BEGIN MATERIAL SUPPLIED

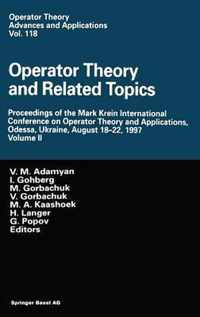 Operator Theory and Related Topics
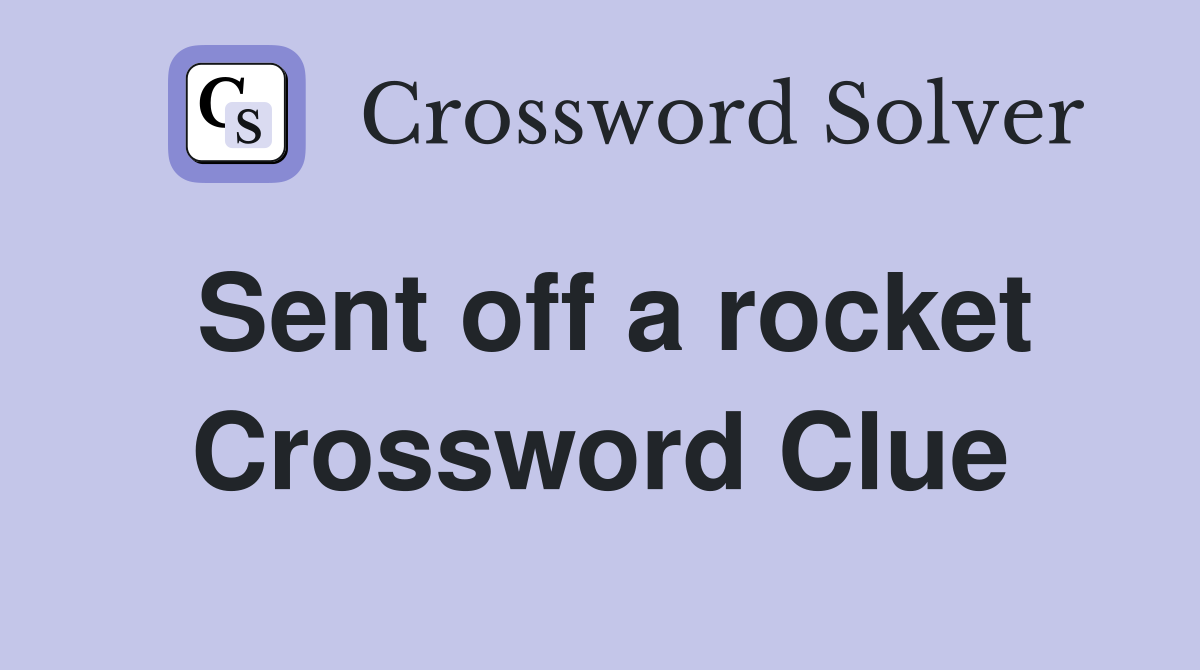 Sent off a rocket Crossword Clue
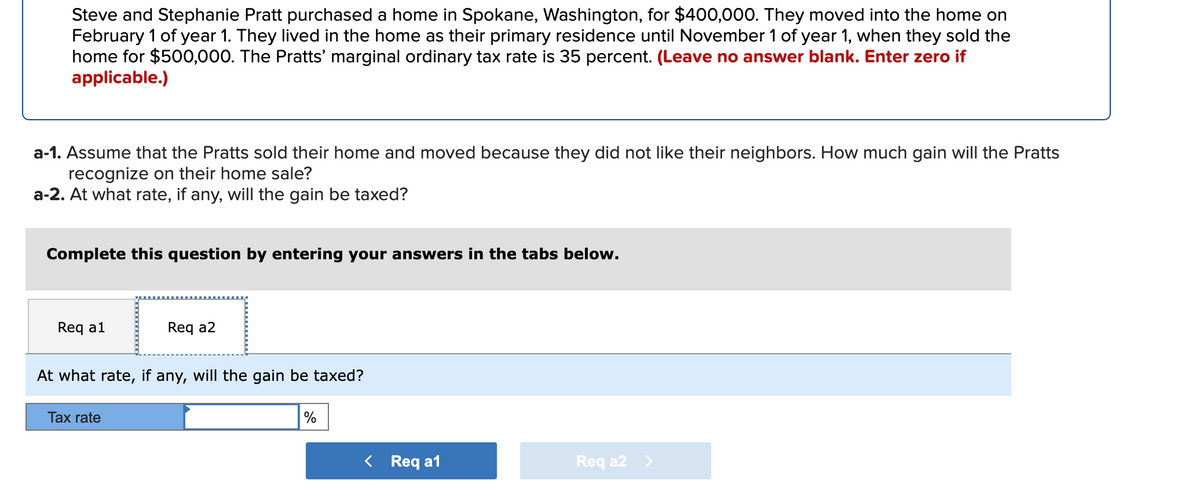 Steve and Stephanie Pratt purchased a home in Spokane, Washington, for $400,000. They moved into the home on
February 1 of year 1. They lived in the home as their primary residence until November 1 of year 1, when they sold the
home for $500,000. The Pratts' marginal ordinary tax rate is 35 percent. (Leave no answer blank. Enter zero if
applicable.)
a-1. Assume that the Pratts sold their home and moved because they did not like their neighbors. How much gain will the Pratts
recognize on their home sale?
a-2. At what rate, if any, will the gain be taxed?
Complete this question by entering your answers in the tabs below.
Req a1
Req a2
At what rate, if any, will the gain be taxed?
Tax rate
%
Req a1
Req a2 >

END MATERIAL SUPPLIED

-- DIRECTIONS --
All of the data above needs to be retyped exactly, with the pictures removed.

-- SOLUTION BELOW --
 Operator Theory and Related Topics
 Sent off a rocket Crossword Clue
 Steve and Stephanie Pratt purchased a home in Spokane, Washington, for $400,000. They moved into the home on
February 1 of year 1. They lived in the home as their primary residence until November 1 of year 1, when they sold the
home for $500,000. The Pratts' marginal ordinary tax rate is 35 percent. (Leave no answer blank. Enter zero if
applicable.)
a-1. Assume that the Pratts sold their home and moved because they did not like their neighbors. How much gain will the Pratts
recognize on their home sale?
a-2. At what rate, if any, will the gain be taxed?
Complete this question by entering your answers in the tabs below.
Req a1
Req a2
At what rate, if any, will the gain be taxed?
Tax rate
%
Req a1
Req a2 >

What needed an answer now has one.